We create the data variable `ssi` (for **solar spectral irradiance**) with the dimension `w` (for **wavelength**) and the required metadata (including units).
The dataset must have two coordinates: `w` and `t` (for **time**) with corresponding metadata.
Our data does not include the time dimension so we just set the time coordinate to an empty array with 0 dimension.
Finally, set the attributes (`attrs`) of our dataset, including a nice title!
Refer to the
[CF-1.8 convention document](https://cfconventions.org/Data/cf-conventions/cf-conventions-1.8/cf-conventions.html#description-of-file-contents)
for the meaning of these attributes.

In [2]:
import datetime
import numpy as np
import xarray as xr

ds = xr.Dataset(
    data_vars={
        "ssi": ("w", df.ssi.values, {
            "standard_name": "solar_irradiance_per_unit_wavelength",
            "long_name": "solar spectral irradiance",
            "units": "W/m^2/nm"})
    },
    coords={
        "w": ("w", df.w.values, {
            "standard_name": "wavelength",
            "long_name": "wavelength",
            "units": "nm"}),
        "t": ("t", np.empty(0), {
            "standard_name": "time",
            "long_name": "time"})
    },
    attrs={
        "title": "My awesome dataset",
        "convention": "CF-1.8",
        "history": f"{datetime.datetime.now().strftime('%Y-%m-%d %H:%M:%S')} - data set creation - path/to/my_script.py",
        "source": "My custom observation data",
        "references": "My article, doi:10.1000/xyz123"
    }
)
display(ds)

## Validate the dataset's metadata

Before going any further, we must validate the metadata of the dataset we've created.

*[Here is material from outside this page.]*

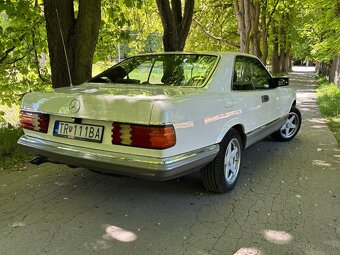 Mercedes-Benz 380 SEC W126 – biela klasika s V8 - 6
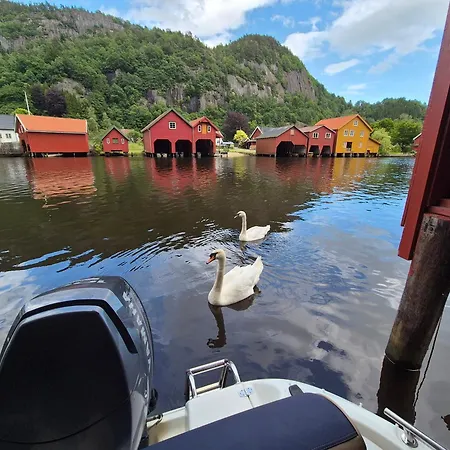 Lejlighed Feda Waterfront Is A Family Friendly By The River And Fjord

<div class="alert alert-info">

The metadata of Eradiate's solar irradiance spectrum datasets must follow strict specifications defined by the `ssi_dataset_spec` variable in the [xarray](../../../rst/api_reference/generated/eradiate.util.xarray.rst) module.
    
</div>

In [3]:
from eradiate.util.xarray import ssi_dataset_spec

We can validate our dataset's metadata by running:

In [4]:
ds.ert.validate_metadata(ssi_dataset_spec)

### Normalisation

A lazier way to define the dataset is to omit the `standard_name` and `long_name` metadata fields and **normalise** the dataset's metadata, which will add the missing fields:

In [5]:
ds = xr.Dataset(
    data_vars={
        "ssi": ("w", df.ssi.values, {"units": "W/m^2/nm"})},
    coords={
        "w": ("w", df.w.values, {"units": "nm"}),
        "t": ("t", np.empty(0))
    },
    attrs={
        "title": "My awesome dataset",
        "convention": "CF-1.8",
        "history": f"{datetime.datetime.now().strftime('%Y-%m-%d %H:%M:%S')} - data set creation - this_toolchain version 0.1",
        "source": "Observation data from this instrument",
        "references": "My article, doi:10.1000/xyz123"
    }
)
ds.ert.normalize_metadata(ssi_dataset_spec)
display(ds)

This is not recommended but we could even have omitted the `units` field because our `ssi` and `w` have the same units as the default units in `ssi_dataset_spec`: 

In [6]:
display(ssi_dataset_spec.var_specs["ssi"].schema["units"])
display(ssi_dataset_spec.coord_specs["w"].schema["units"])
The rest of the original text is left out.